Style and Substance

The San Francisco Fine Arts Museums raise $1.5 million



Mary Beth Shimmon, Denise Hale, David Shimmon.


Capote and his Swans ain’t got nothing on style-savvy San Franciscans. Our glamour gals and fine-feathered swains were out in force on April 4 at the de Young in Golden Gate Park for the Fine Arts Museums’ Annual Gala and Late Night after-party.

Led by co-chairs Mary Beth Shimmon and her husband, CoFAM trustee David Shimmon, this elegant fundraiser scored a record $1.5 million for the exhibitions and community programming at the de Young and the Legion of Honor museums.

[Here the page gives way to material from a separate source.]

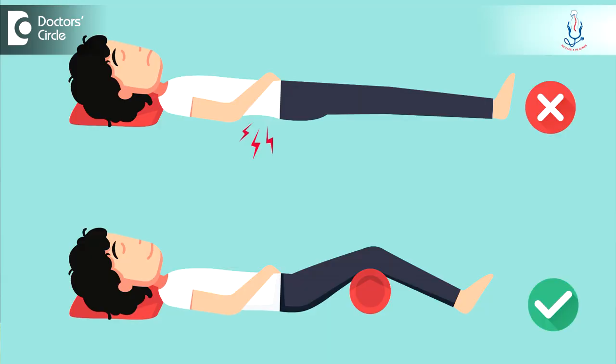Patients can sleep on the back with knee joints slightly flexed over a pillow. Just keep one or two pillows below the knee joint, keep the hip flexed and knee flexed, and that will be a very comfortable position for most patients.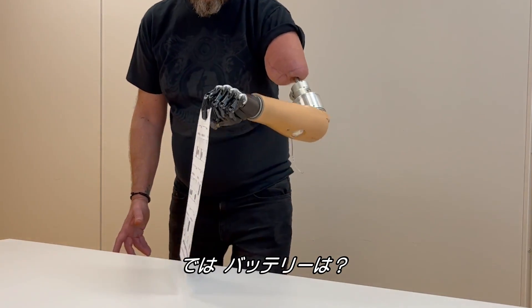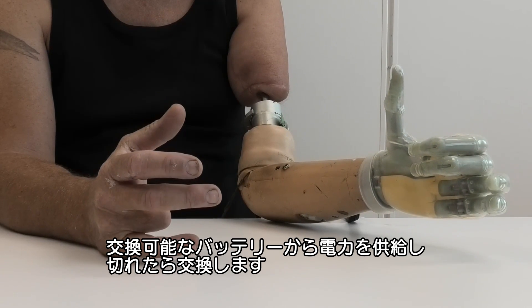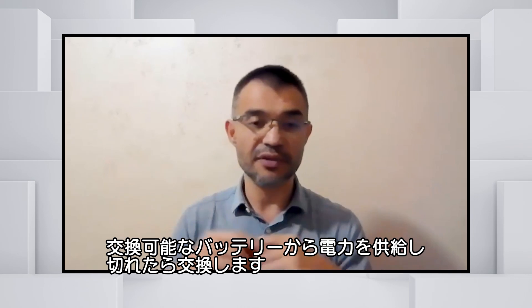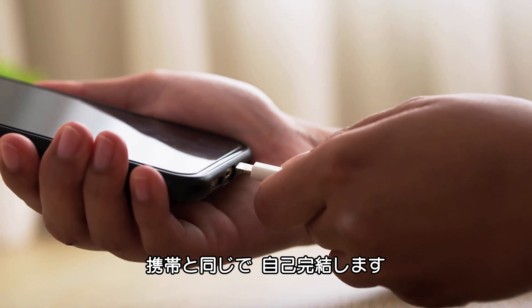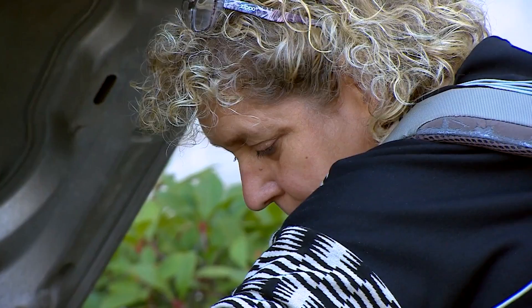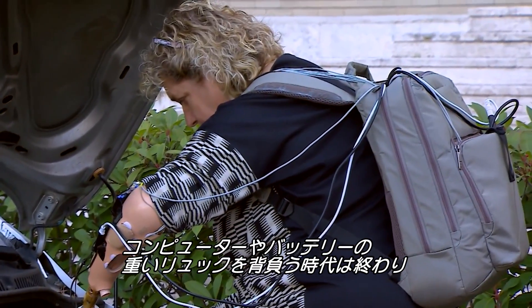This hand provides rough but useful sensations — a patient can feel when an object is in their hand and when it's slipping. As for batteries, the CPU and motors are powered by interchangeable batteries in the prosthesis that normally last a full day, much like a phone. Everything is self-contained, so the days of patients carrying heavy backpacks full of computers or bulky batteries are gone.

The two-tiered fête drew 330 VIPs, artists, collectors, and designers to a black-tie dinner soirée. Then 900 next-gen FAM supporters reveled late into the night, roaming galleries that pulsated with live performances and activations while savoring gourmet nibbles and craft cocktails.

The dinner theme, “Celebrating San Francisco in Style,” inspired patrons to don haute couture ensembles in homage to knockout de Young exhibitions currently on view: Fashioning San Francisco: A Century of Style, and the exclusive West Coast presentation of Irving Penn, a gorgeous exploration of portraits by one of the greatest photographers of the 20th century.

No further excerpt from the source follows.